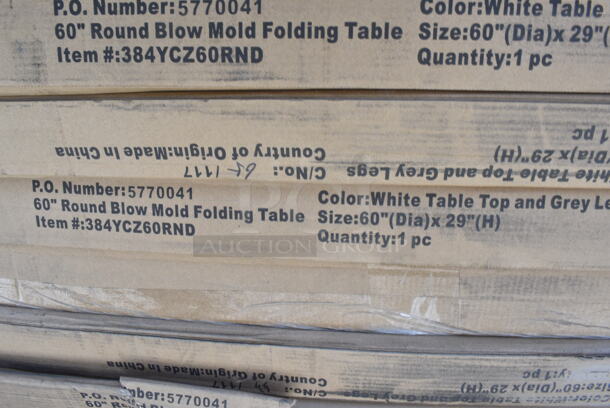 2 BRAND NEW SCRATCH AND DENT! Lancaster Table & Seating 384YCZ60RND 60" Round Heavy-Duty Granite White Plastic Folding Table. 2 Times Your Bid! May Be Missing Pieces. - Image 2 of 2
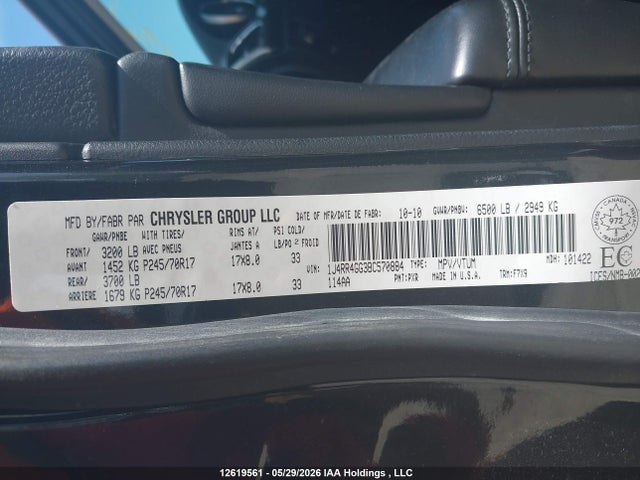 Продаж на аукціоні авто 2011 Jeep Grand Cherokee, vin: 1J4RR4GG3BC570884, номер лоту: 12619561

■ ■ ■ ■ ■ ■ ■

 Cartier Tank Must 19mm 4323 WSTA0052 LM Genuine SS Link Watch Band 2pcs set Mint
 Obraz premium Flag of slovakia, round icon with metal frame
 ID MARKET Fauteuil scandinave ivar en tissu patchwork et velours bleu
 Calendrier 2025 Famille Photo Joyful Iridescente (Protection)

■ ■ ■ ■ ■ ■ ■

■ EXERCISE GOAL ■
Copy exactly the material above from the line with "2 BRAND NEW" to the line with "Продаж на аукціоні", ends included, and nothing else. Leave out any picture.

■ ANSWER SECTION ■
 2 BRAND NEW SCRATCH AND DENT! Lancaster Table & Seating 384YCZ60RND 60" Round Heavy-Duty Granite White Plastic Folding Table. 2 Times Your Bid! May Be Missing Pieces. - Image 2 of 2
 Продаж на аукціоні авто 2011 Jeep Grand Cherokee, vin: 1J4RR4GG3BC570884, номер лоту: 12619561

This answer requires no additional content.